Previously, it was suggested that the differential binding affinity of Mac-1 for ADPr may result from different amino-acid compositions in the α1-helix [51]. Here, we showed that, though the corresponding residues within the α1-helices of SARS-CoV-2 and MERS-CoV are highly divergent, their binding affinities for ADPr are similar (Fig. 5a; Supplementary Table S8). Therefore, it is possible that the evolved increase in binding affinity of SARS-CoV-2 Mac-1 for ADPr may have been facilitated by epistatic effects of three fixed amino-acid substitutions located near the binding cleft, but that do not contact the ADPr via direct hydrogen bonding (Fig. 5a).
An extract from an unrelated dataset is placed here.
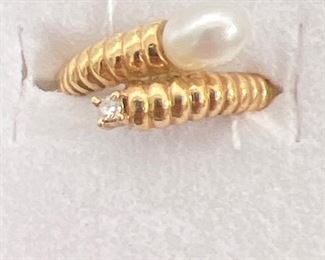 14k gold with pearls and diamonds ring size 6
Evolution by protein conformational epistasis may play a significant role in differential binding affinities of Mac-1 for ADPr [43]. Interestingly, differential binding affinities of Mac-1 for ADPr have been associated with the differences in the pathogenicity of coronaviruses [45, 51]. Thus, the comparable affinities of SARS-CoV-2 and MERS-CoV macrodomains for ADPr fits well with the notion that current mortality rates grossly underestimate the threat posed by COVID-19 [6].
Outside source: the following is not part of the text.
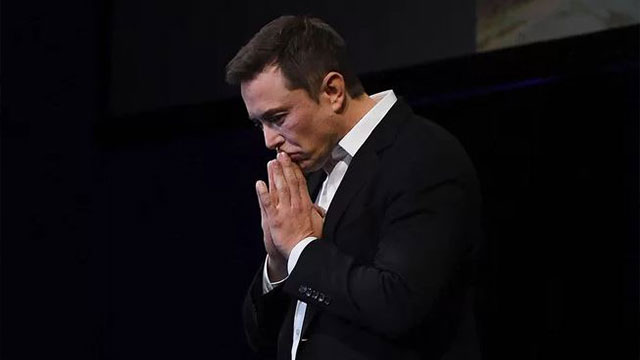 Tesla'da zarar devam ediyor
This study has revealed functionally unique amino-acid replacements within the macrodomains of Nsp3, that are likely to maximize SARS-CoV-2 activity against human innate immune responses. The precise residue-level structural information in our study may benefit the design of anti-SARS-CoV-2 drug treatments. Macrodomains have previously been shown to be potent drug targets. For instance, an AlphaScreen based assay has recently identified a small molecule inhibitor, GeA-69 (a carbazole-based compound) that targets the macrodomain of human PARP14 (poly-ADP-ribose polymerase 14), a pro-survival protein associated with human inflammatory diseases and various types of cancers [52]. In addition, the combination of structure-based virtual screening and molecular dynamics simulation approaches have been successful in identifying potential inhibitors targeting viral macrodomains [53].